== Segment start ==

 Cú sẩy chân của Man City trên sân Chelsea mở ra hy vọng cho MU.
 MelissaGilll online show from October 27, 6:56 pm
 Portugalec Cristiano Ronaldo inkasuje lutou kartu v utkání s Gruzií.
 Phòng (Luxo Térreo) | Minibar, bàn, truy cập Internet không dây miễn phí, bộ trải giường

== Segment end ==
== Segment start ==

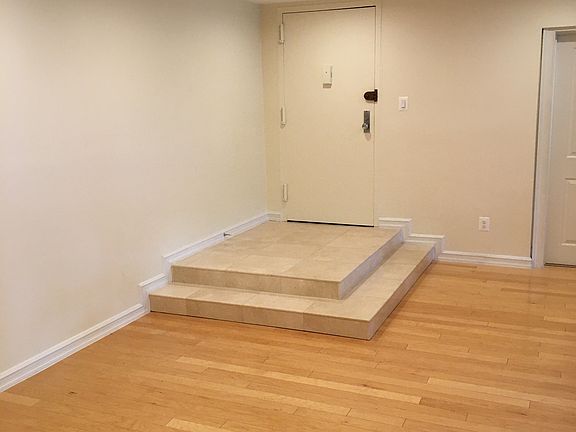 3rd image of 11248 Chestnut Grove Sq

== Segment end ==
== Segment start ==

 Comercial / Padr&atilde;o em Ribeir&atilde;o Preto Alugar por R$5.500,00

== Segment end ==

_WHAT YOU SHOULD DO:_ Would you print, exactly as written, every line above from the one holding "Cú sẩy chân" through the one holding "Phòng (Luxo Térreo)", with both included and no other lines?

_ANSWER TO THE EXERCISE:_
 Cú sẩy chân của Man City trên sân Chelsea mở ra hy vọng cho MU.
 MelissaGilll online show from October 27, 6:56 pm
 Portugalec Cristiano Ronaldo inkasuje lutou kartu v utkání s Gruzií.
 Phòng (Luxo Térreo) | Minibar, bàn, truy cập Internet không dây miễn phí, bộ trải giường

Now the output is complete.